Il s'écarta d'elle dans un grand geste pour la repousser.

- Oulaaaa... fit Sonoko en lança de petits coups de coude dans les côtes de Shinichi... Mademoiselle ronchonne ? Ce serait pas ta semaine, par hasard ?

Shinichi stoppa net sa course.

" Bon sang ! J'avais pas pensé à ça non plus !" Il rougit soudain, chercha Ran des yeux, la trouva, et planta sec Sonoko qui ne comprit pas pourquoi son amie l'abandonnait sans explication.

- Ben... D'habitude, elle le prend pas comme ça... Qu'est-ce que j'ai encore dit, moi ?

Tandis que Sonoko réfléchissait inutilement, Shinichi récupéra Ran, re-planta son "ancien" groupe d'amis, et la coinça dans un endroit calme de la cour.

Essouflé, il tenta de reprendre son souffle avec ses esprits.

- J'ai... une autre question pour toi...

- Oui ?

- C'était quand "la dernière fois" ?

- La quoi ?

- La dernière fois que...

Il murmura les mots dans son oreille.
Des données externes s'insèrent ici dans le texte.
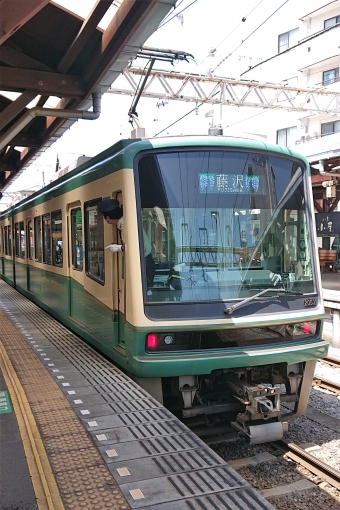 稲村ヶ崎駅から江ノ島駅の乗車記録(乗りつぶし)写真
Ran rougit, confuse. C'était la première fois qu'un garçon, en dehors de son père et du médecin du lycée, lui posait cette question.

- La... La semaine dernière... glissa-t-elle à voix basse.

Il sembla soulagé.

- C'est bon, ça nous laisse trois semaines pour trouver une solution à notre cas...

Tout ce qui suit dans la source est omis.